Supplied material below:

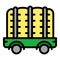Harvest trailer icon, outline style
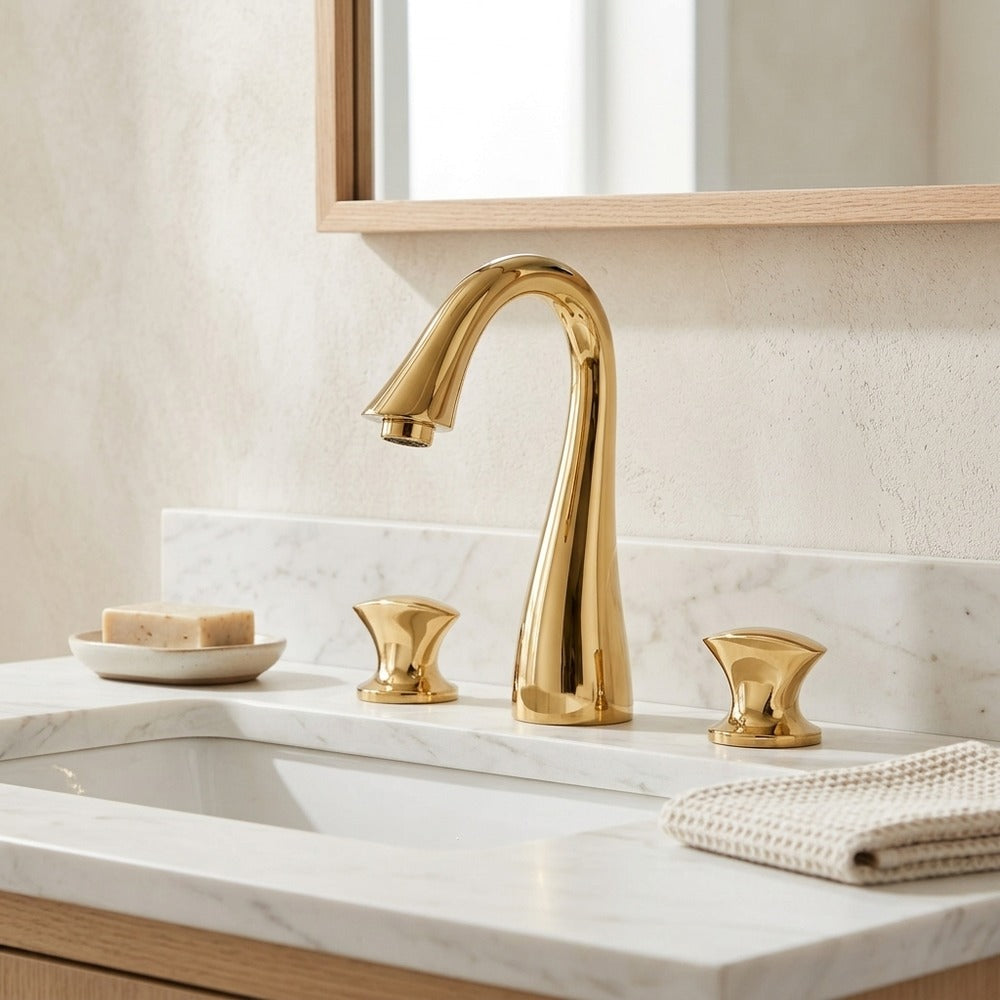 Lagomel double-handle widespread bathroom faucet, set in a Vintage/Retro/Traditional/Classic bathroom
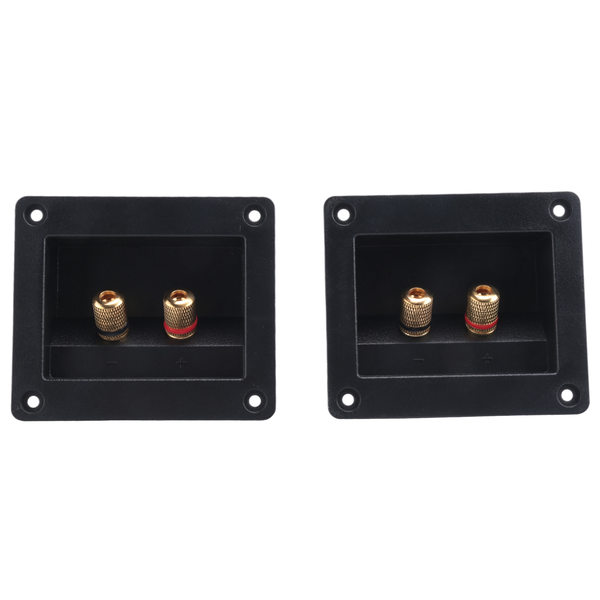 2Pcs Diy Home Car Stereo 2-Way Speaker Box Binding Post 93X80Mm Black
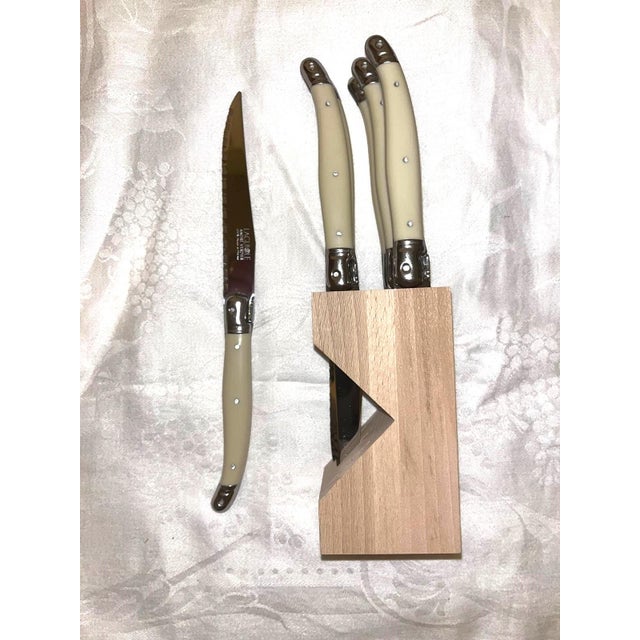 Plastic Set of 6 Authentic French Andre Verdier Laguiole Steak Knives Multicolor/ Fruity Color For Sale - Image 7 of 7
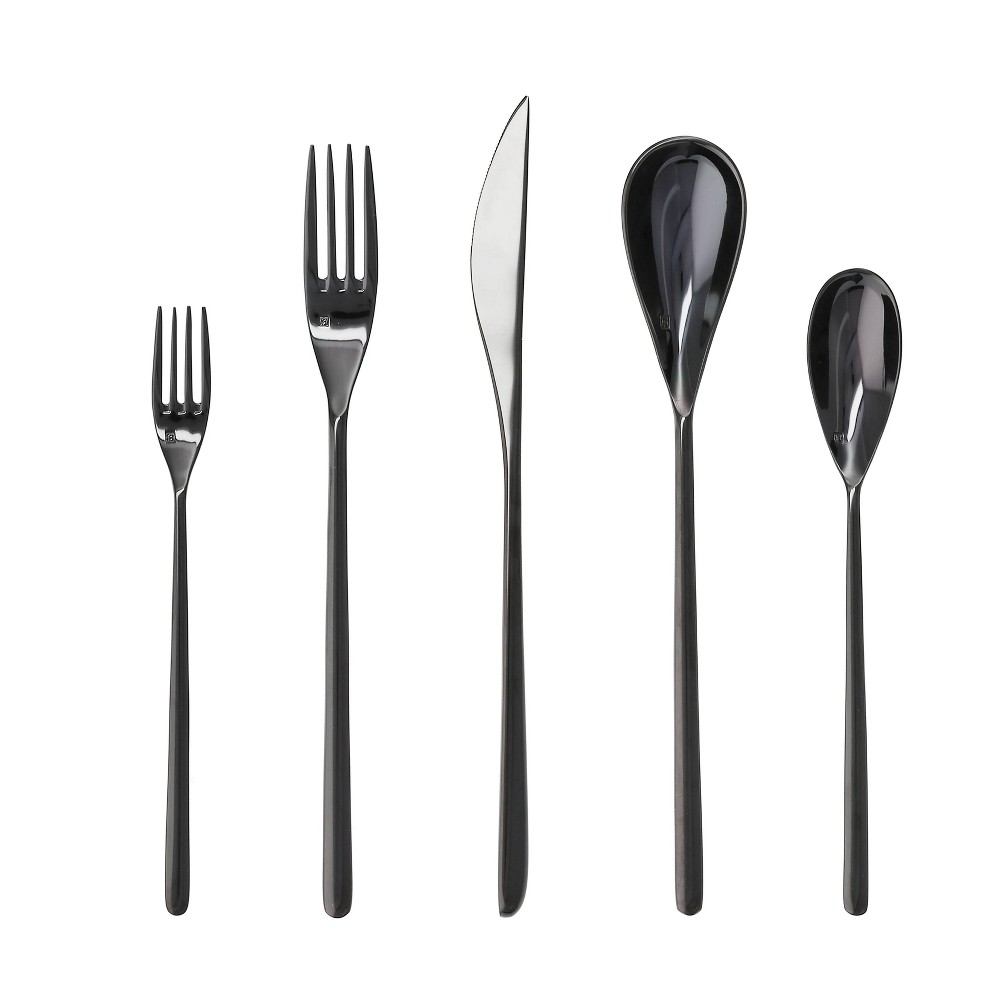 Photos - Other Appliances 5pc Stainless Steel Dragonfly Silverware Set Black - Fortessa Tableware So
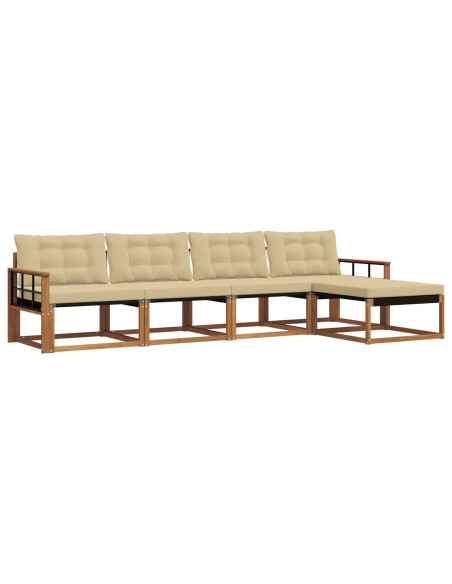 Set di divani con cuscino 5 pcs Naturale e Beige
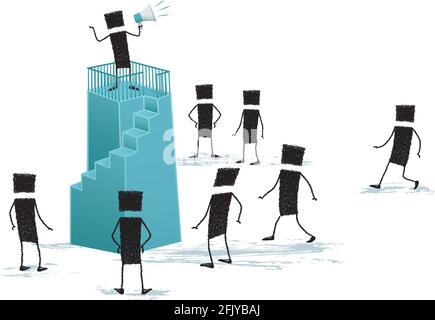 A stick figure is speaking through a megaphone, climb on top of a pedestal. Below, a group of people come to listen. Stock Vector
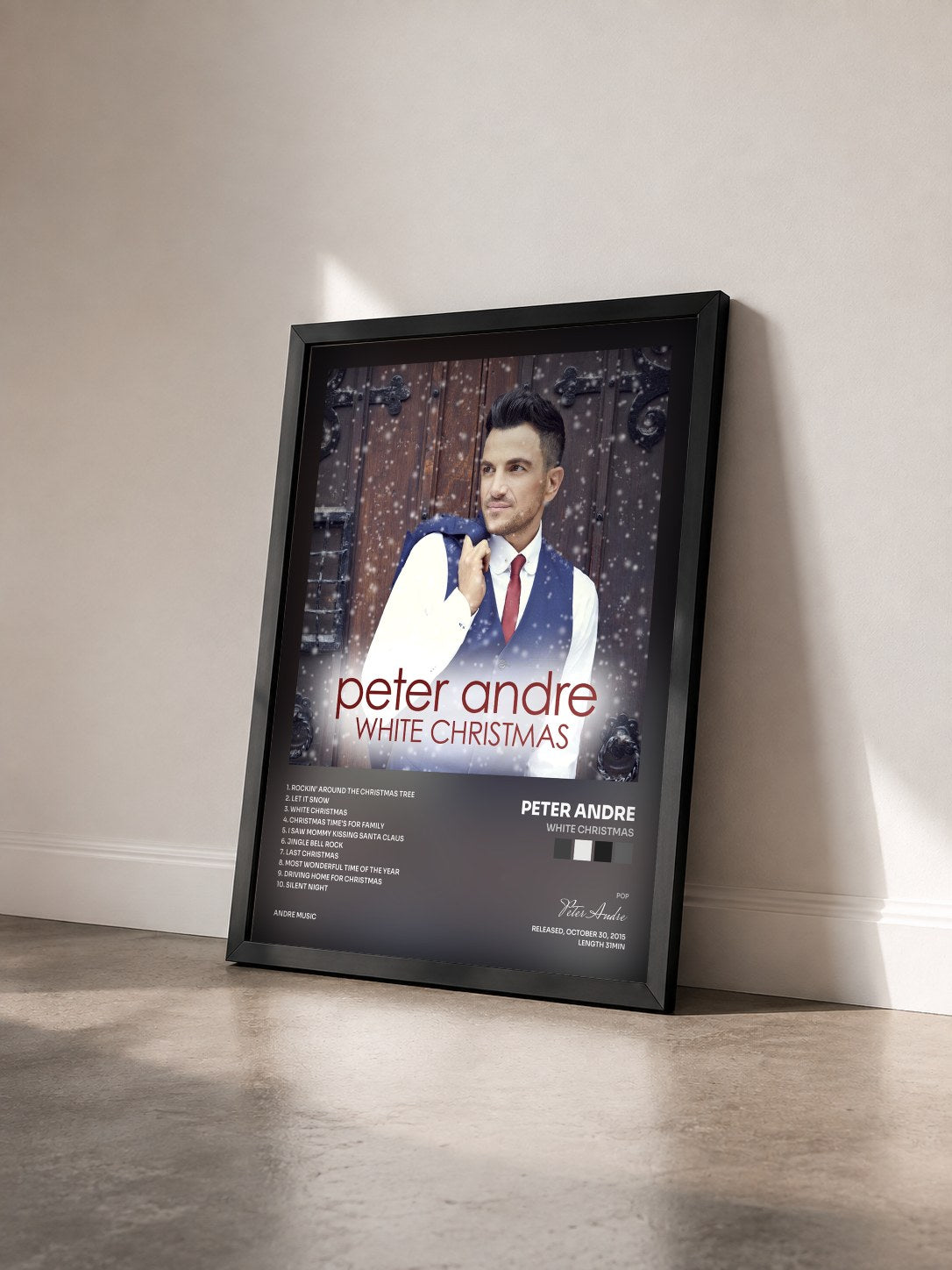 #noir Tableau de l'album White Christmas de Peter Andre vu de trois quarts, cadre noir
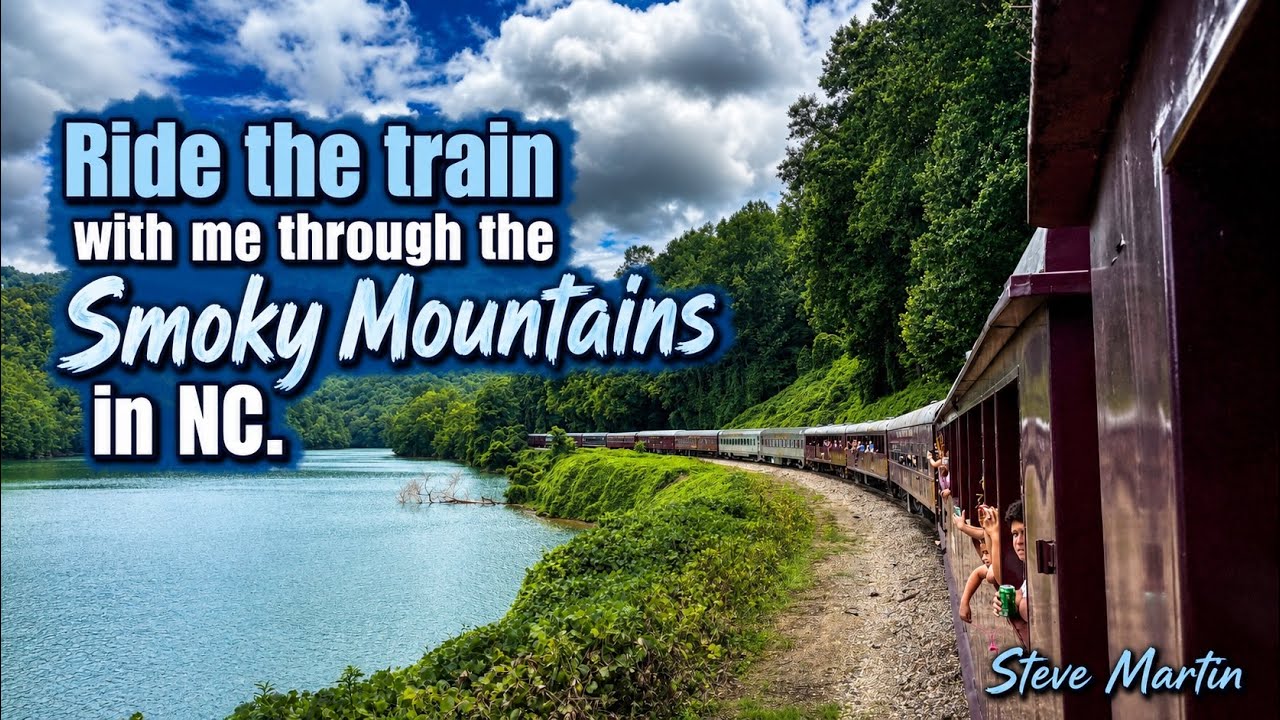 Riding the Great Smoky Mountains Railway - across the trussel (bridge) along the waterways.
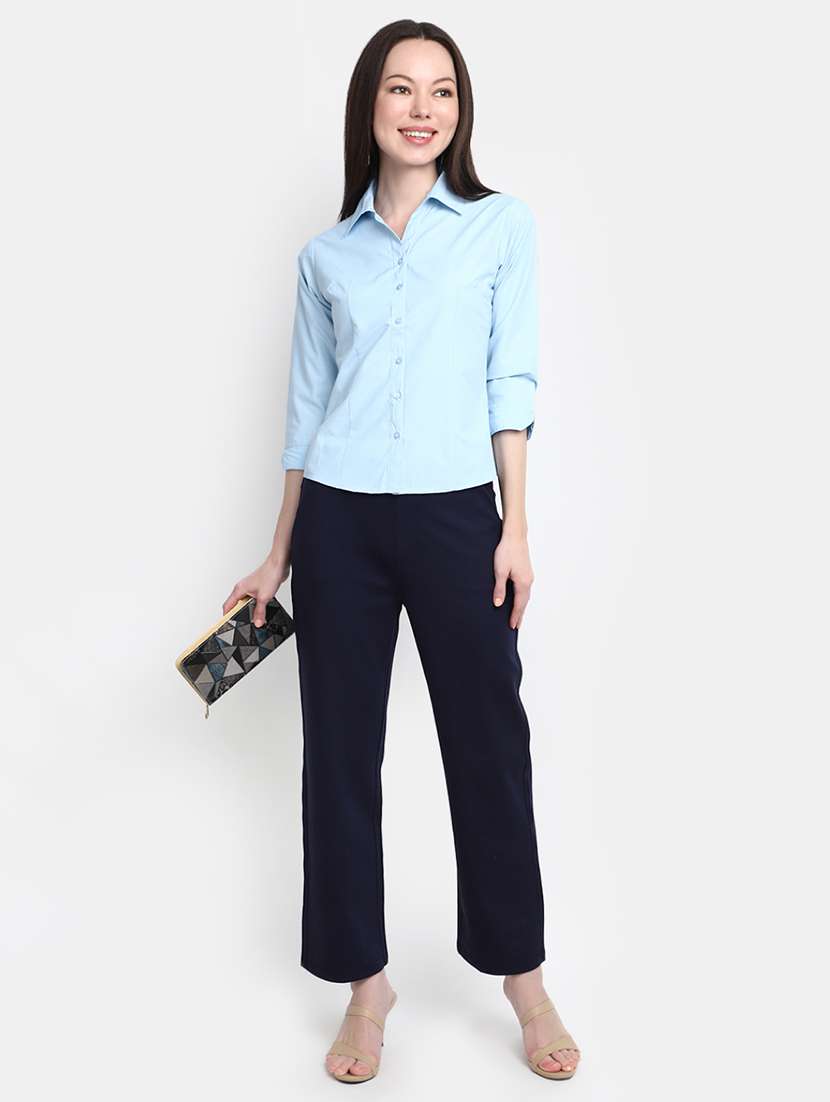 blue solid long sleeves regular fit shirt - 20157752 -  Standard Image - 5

End of Supplied material.

Required action ::
Word for word, retype the lines from the one that contains "Lagomel double-handle widespread" through the final line of the data, both ends included, excluding pictures.

Solution to this exercise ::
 Lagomel double-handle widespread bathroom faucet, set in a Vintage/Retro/Traditional/Classic bathroom
 2Pcs Diy Home Car Stereo 2-Way Speaker Box Binding Post 93X80Mm Black
 Plastic Set of 6 Authentic French Andre Verdier Laguiole Steak Knives Multicolor/ Fruity Color For Sale - Image 7 of 7
 Photos - Other Appliances 5pc Stainless Steel Dragonfly Silverware Set Black - Fortessa Tableware So
 Set di divani con cuscino 5 pcs Naturale e Beige
 A stick figure is speaking through a megaphone, climb on top of a pedestal. Below, a group of people come to listen. Stock Vector
 #noir Tableau de l'album White Christmas de Peter Andre vu de trois quarts, cadre noir
 Riding the Great Smoky Mountains Railway - across the trussel (bridge) along the waterways.
 blue solid long sleeves regular fit shirt - 20157752 -  Standard Image - 5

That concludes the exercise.